> [Extracted entries]:
◆ ◆ ◆ ◆ ◆

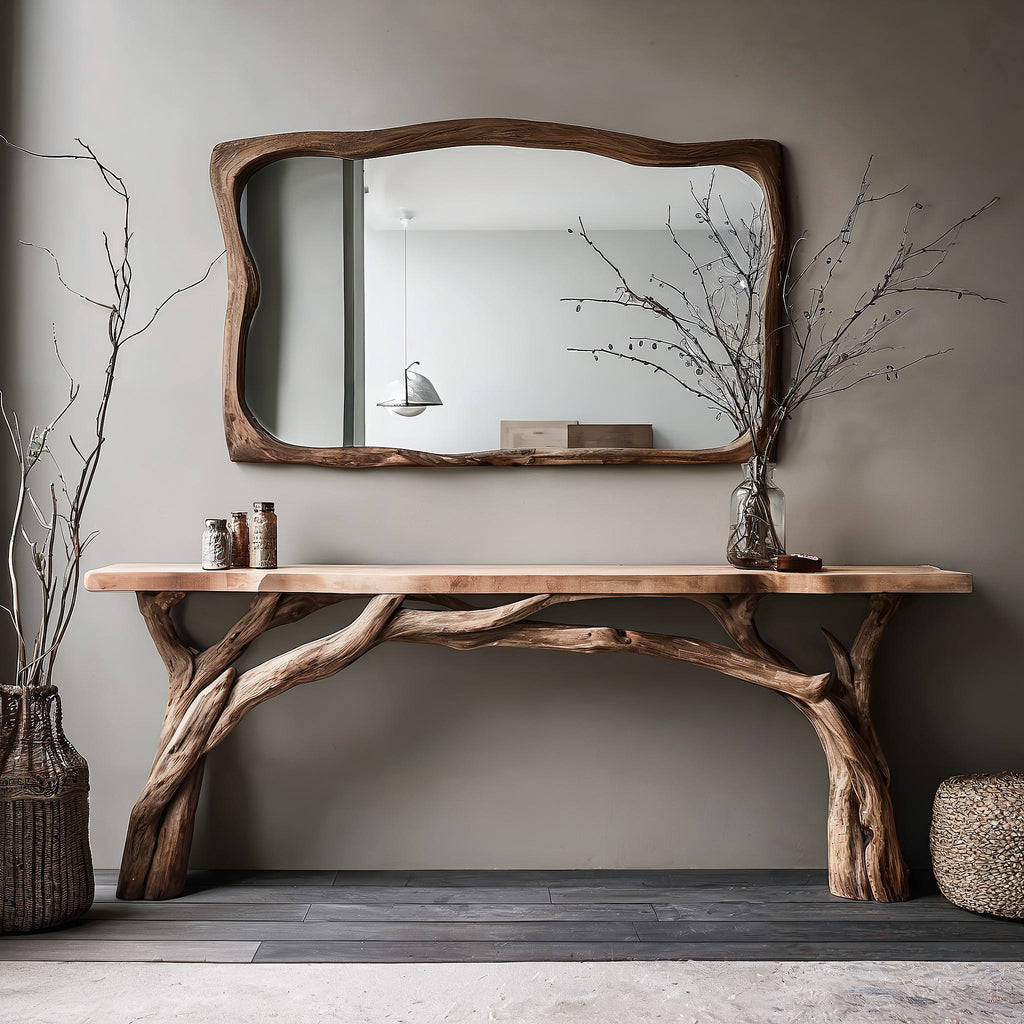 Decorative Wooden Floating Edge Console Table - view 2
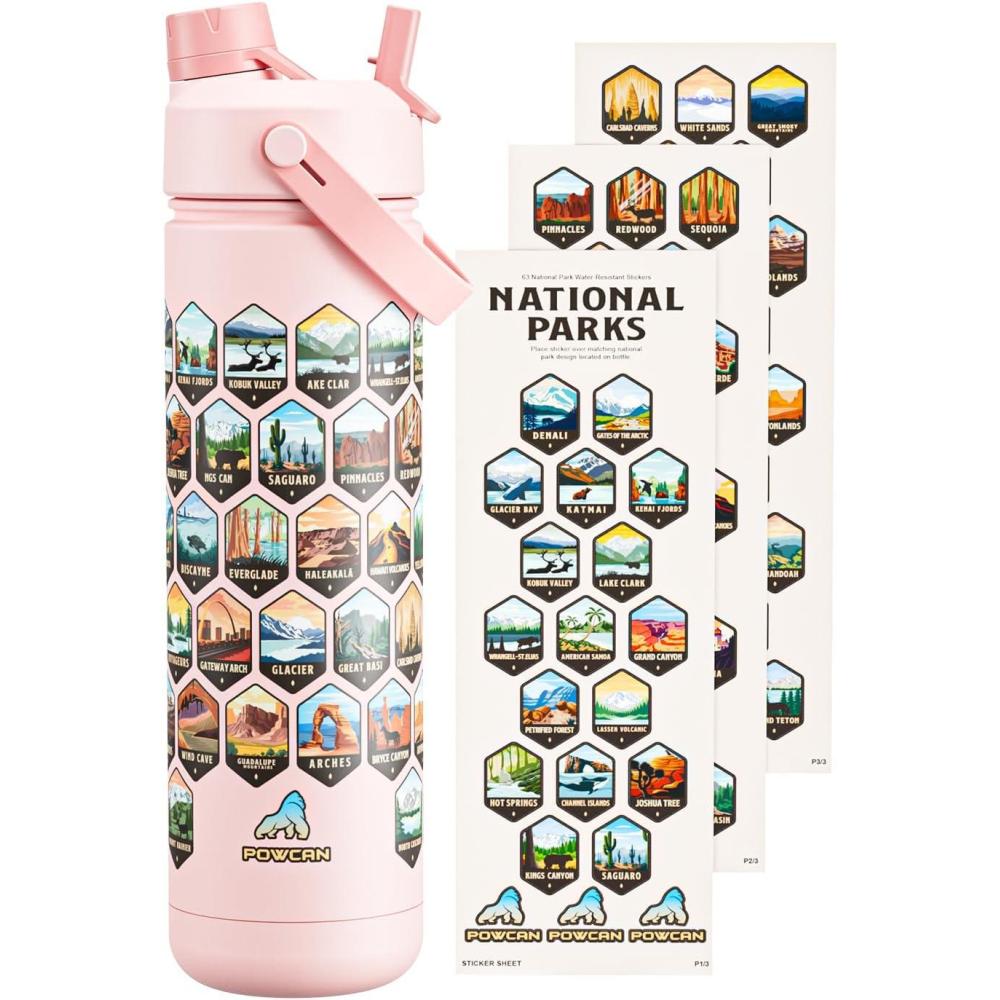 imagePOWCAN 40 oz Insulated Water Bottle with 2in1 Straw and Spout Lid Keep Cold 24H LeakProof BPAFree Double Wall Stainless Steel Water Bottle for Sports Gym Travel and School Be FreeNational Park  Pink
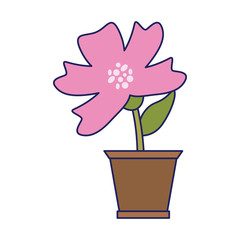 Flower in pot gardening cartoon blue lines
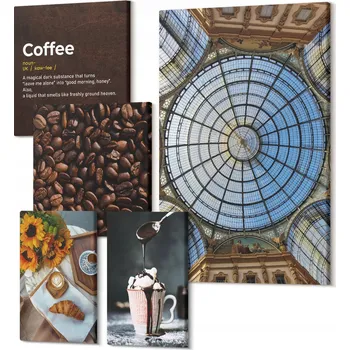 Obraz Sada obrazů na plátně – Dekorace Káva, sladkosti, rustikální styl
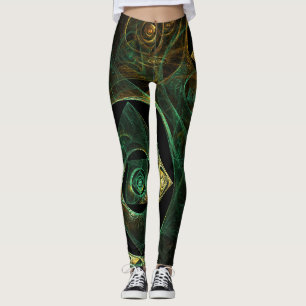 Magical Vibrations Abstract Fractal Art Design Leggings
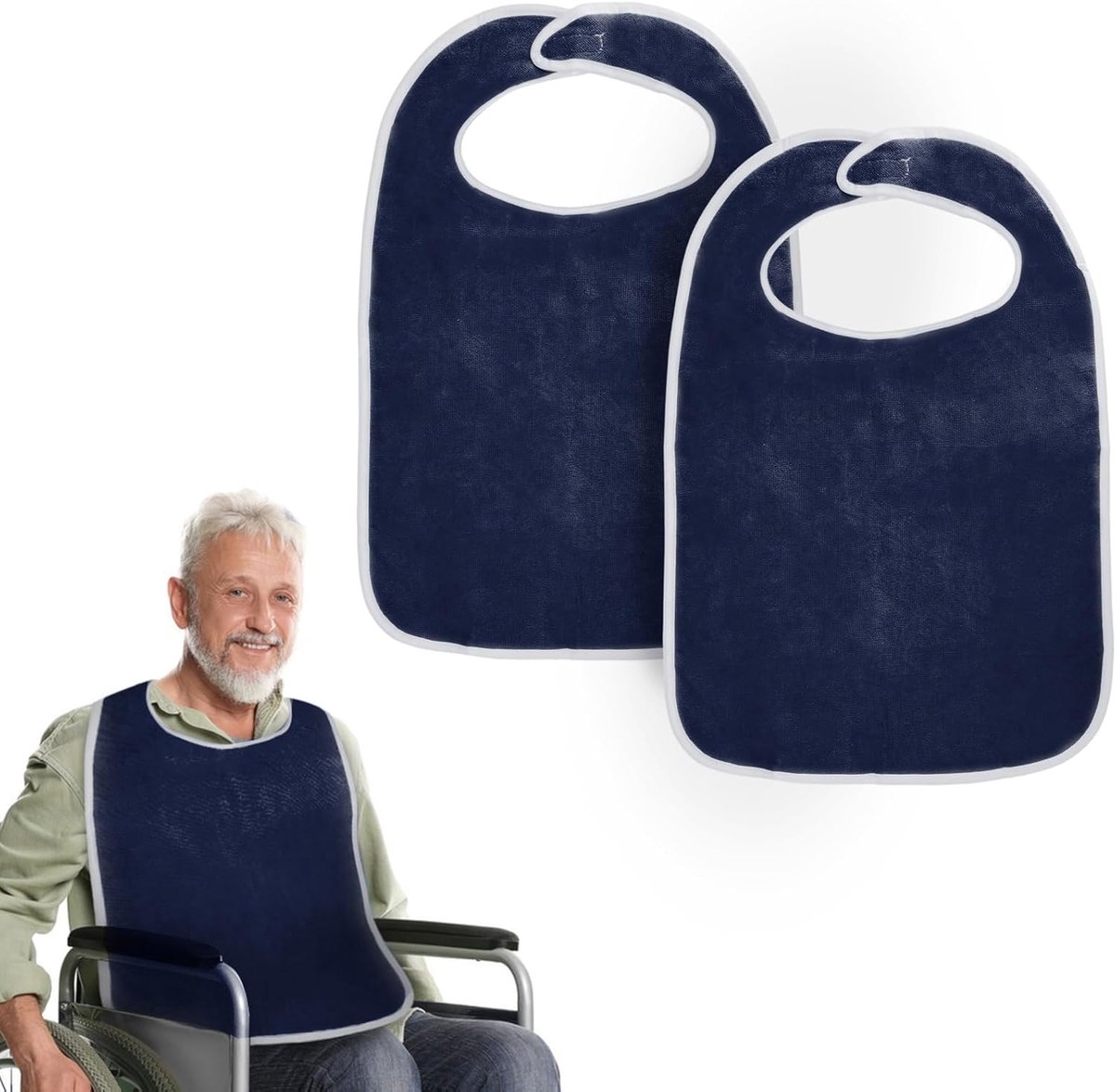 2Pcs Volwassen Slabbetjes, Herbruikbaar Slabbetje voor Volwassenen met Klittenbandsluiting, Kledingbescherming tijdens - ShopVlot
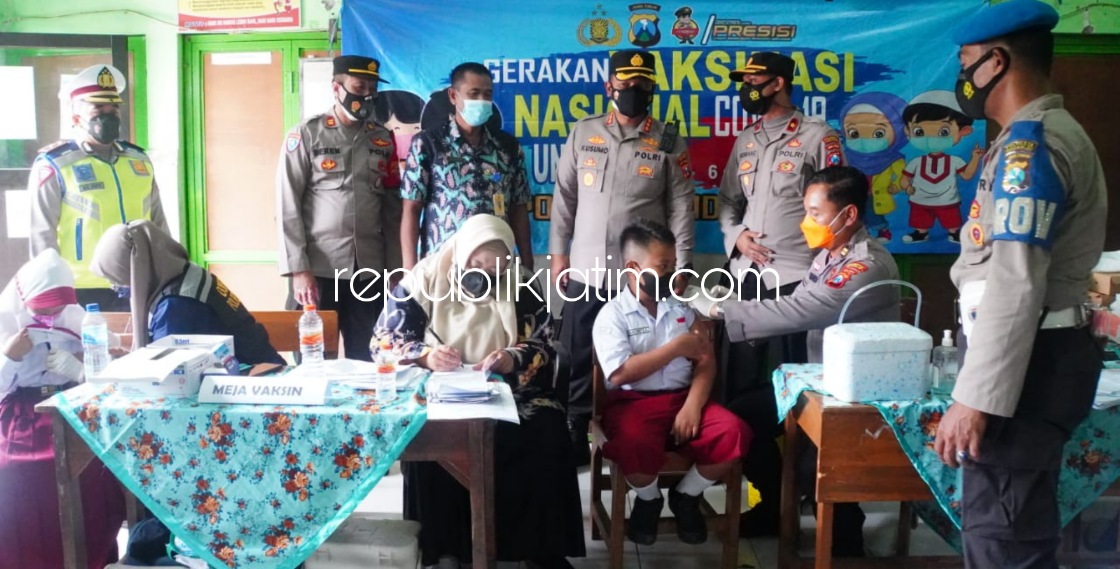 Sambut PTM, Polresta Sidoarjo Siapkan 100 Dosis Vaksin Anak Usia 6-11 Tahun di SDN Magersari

◆ ◆ ◆ ◆ ◆

> [Problem]: Please return the lines from the line with "2Pcs Volwassen Slabbetjes, Herbruikbaar" through the last line of the data, both included, exactly, and without pictures.

> [Response below]:
 2Pcs Volwassen Slabbetjes, Herbruikbaar Slabbetje voor Volwassenen met Klittenbandsluiting, Kledingbescherming tijdens - ShopVlot
 Sambut PTM, Polresta Sidoarjo Siapkan 100 Dosis Vaksin Anak Usia 6-11 Tahun di SDN Magersari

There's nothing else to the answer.